▶ _EXERCISE INSTRUCTIONS_: Return, unchanged and with no pictures, the lines below from the very first through the one that contains "An infographic illustrating".
___ PROVIDED RECORDS
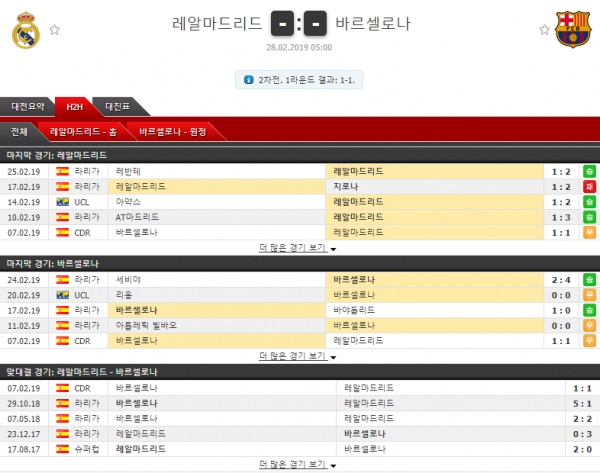 2월 28일 코파델레이 2차전 - 레알마드리드 바르셀로나 분석픽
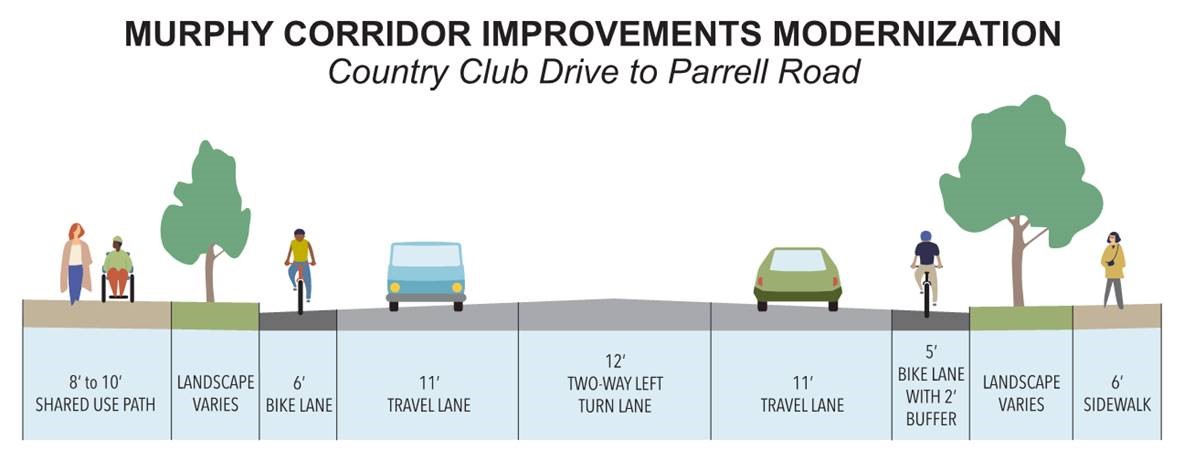 A cross-section depicting Country Club Drive to Parrell Road, exhibiting a two-way left turn lane, travel lanes, bike lanes, landscape varies, a shared use path, and a sidewalk.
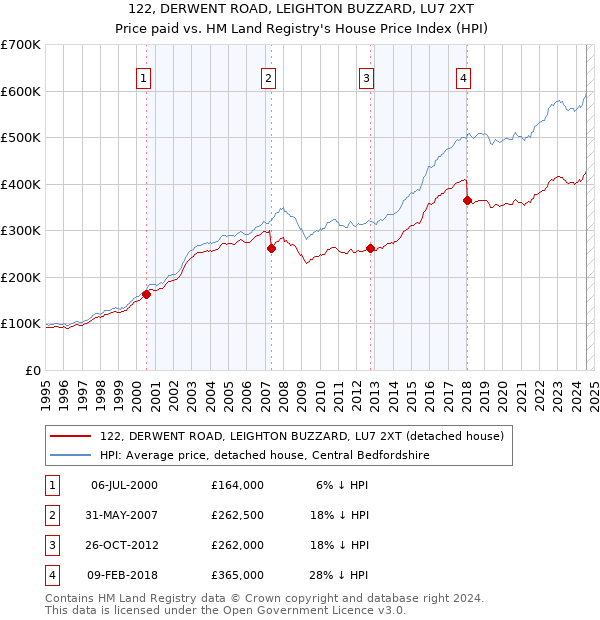 122, DERWENT ROAD, LEIGHTON BUZZARD, LU7 2XT: Price paid vs HM Land Registry's House Price Index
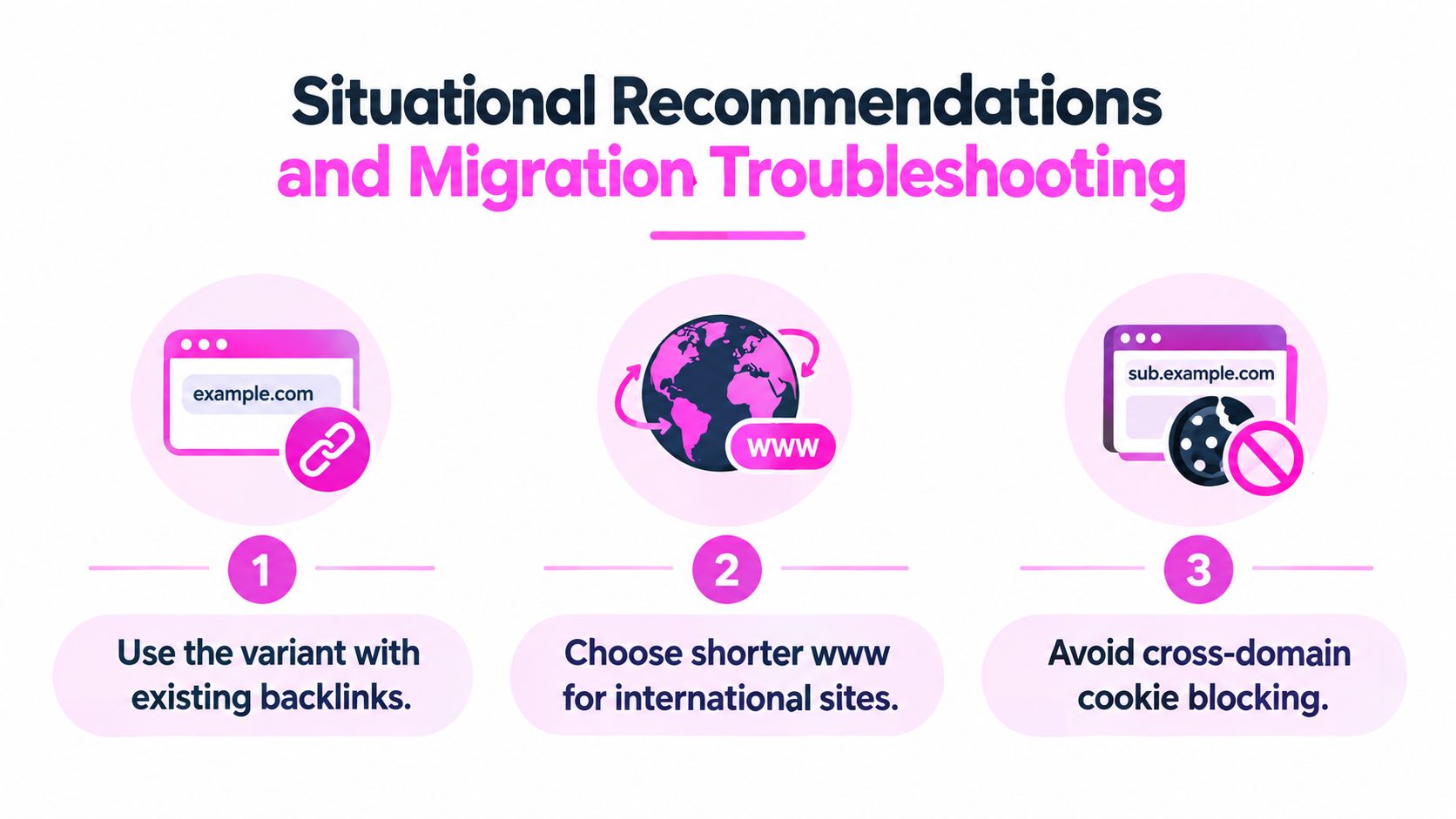 An infographic illustrating three SEO tips for website migration including backlinks, international sites, and domain cookies.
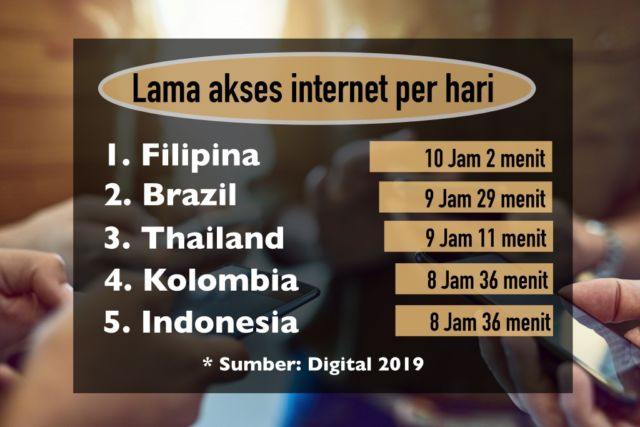 Indonesia Masuk 5 Besar Negara Pecandu Internet Terparah Sedunia. Nomor 1-nya Negara Tetangga Juga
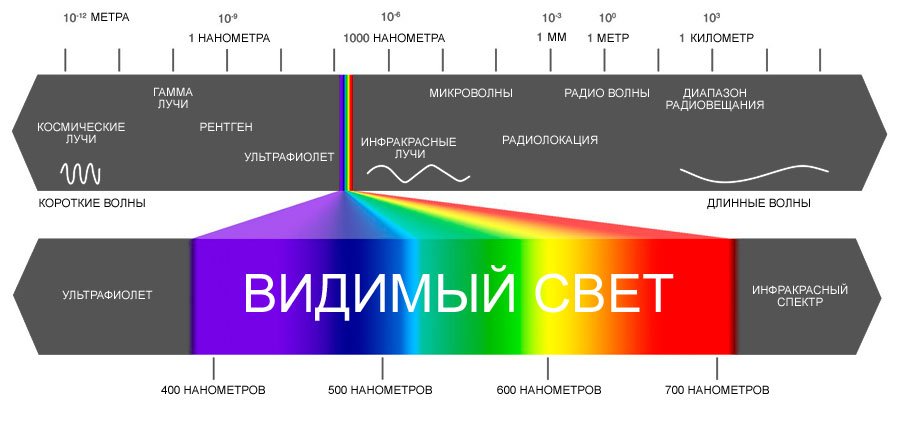 Спектр света
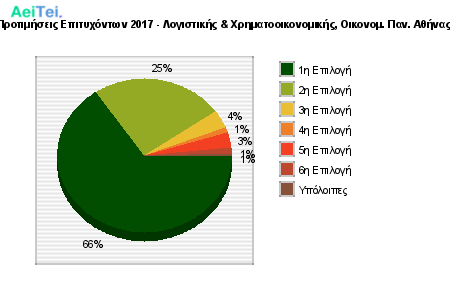 Προτιμήσεις Επιτυχόντων 2017 - Λογιστικής & Χρηματοοικονομικής, Οικονομ. Παν. Αθήνας 347-Protimisis-Epitixontwn-2017-Logistikis-Xrimatoikonomikis-Oikonom-Pan-Athinas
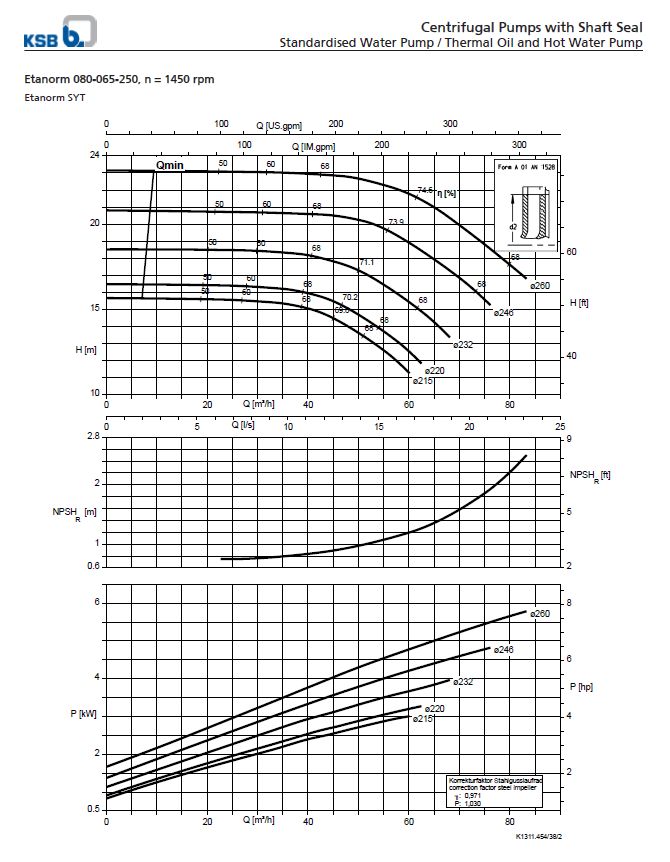 Centrifugal Pump End Suction KSB Etanorm ETN 080-065-250 GG (Complete Set) 4pole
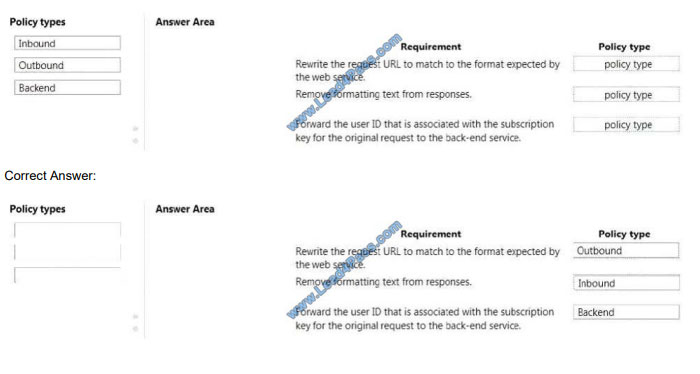 Exam Dumps DP-203 Pdf | Microsoft Exam DP-203 Pass Guide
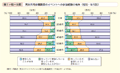 第1－特－9図　男女共同参画関係のイベントへの参加経験の有無（性別・年代別）
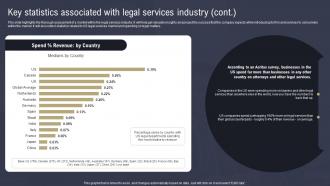 Law Firm Business Plan Key Statistics Associated With Legal Services Industry BP SS Ideas Idea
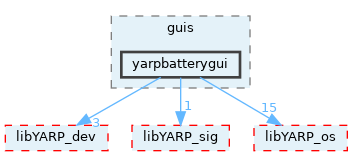 src/guis/yarpbatterygui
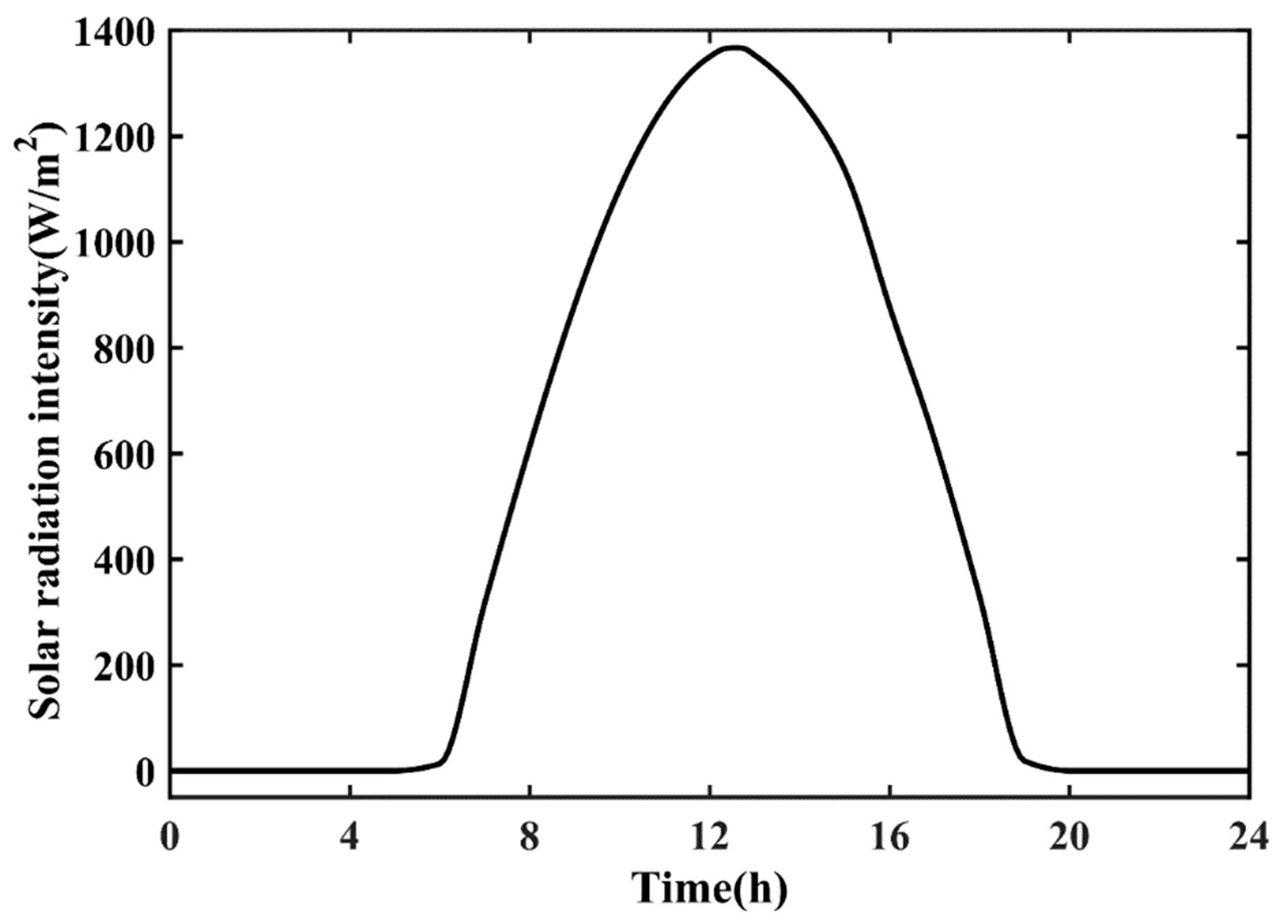 Sustainability 14 17001 g008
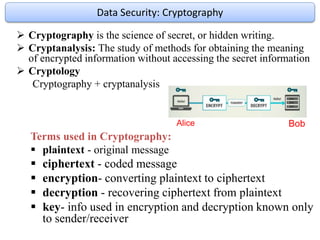 Cyber security workshop talk.pptx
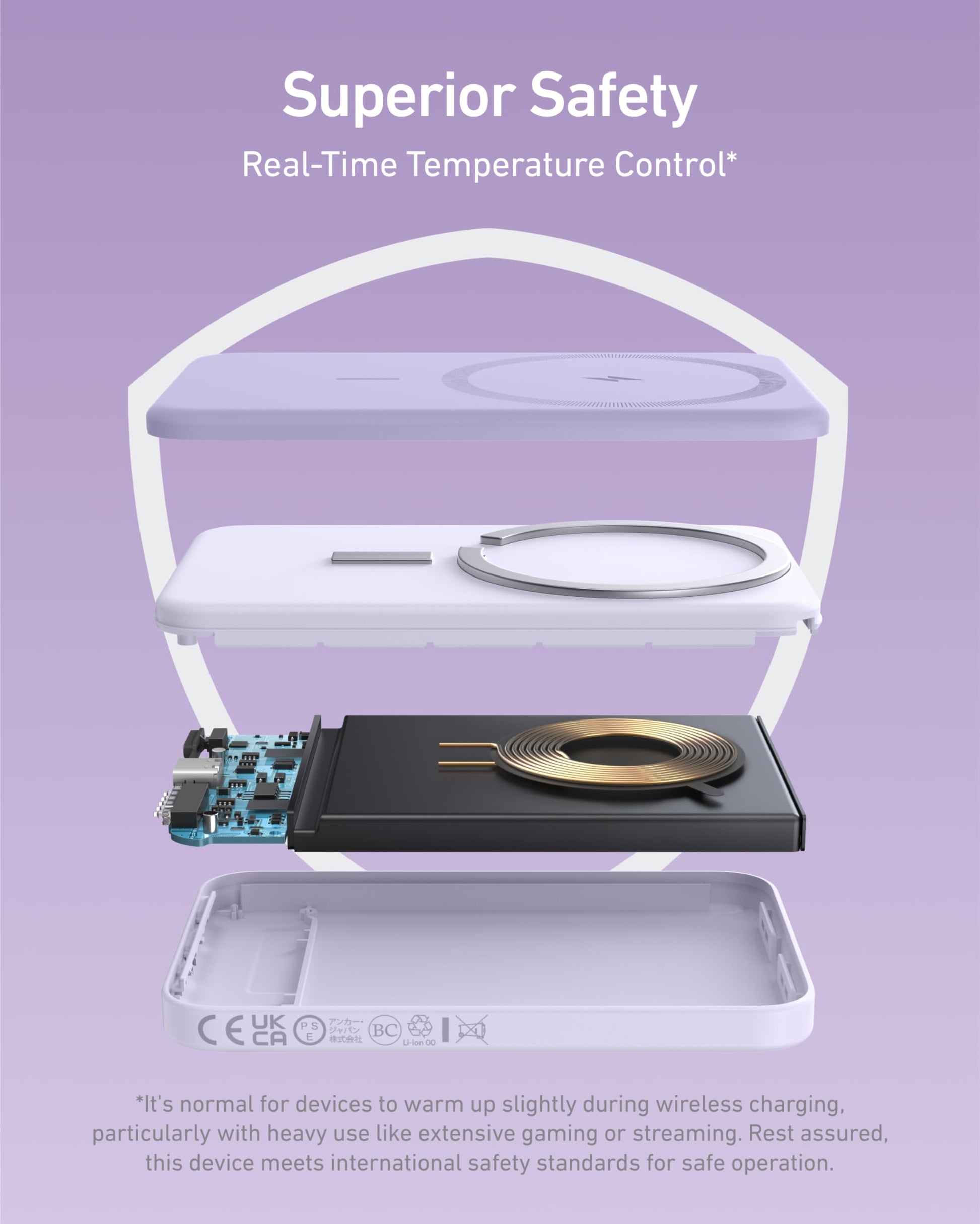 Anker MagGo 621: 5K mAh Magnetic Charger Pack - Small Enterprise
______
▶ _SOLUTION FOR THIS TASK_:
 2월 28일 코파델레이 2차전 - 레알마드리드 바르셀로나 분석픽
 A cross-section depicting Country Club Drive to Parrell Road, exhibiting a two-way left turn lane, travel lanes, bike lanes, landscape varies, a shared use path, and a sidewalk.
 122, DERWENT ROAD, LEIGHTON BUZZARD, LU7 2XT: Price paid vs HM Land Registry's House Price Index
 An infographic illustrating three SEO tips for website migration including backlinks, international sites, and domain cookies.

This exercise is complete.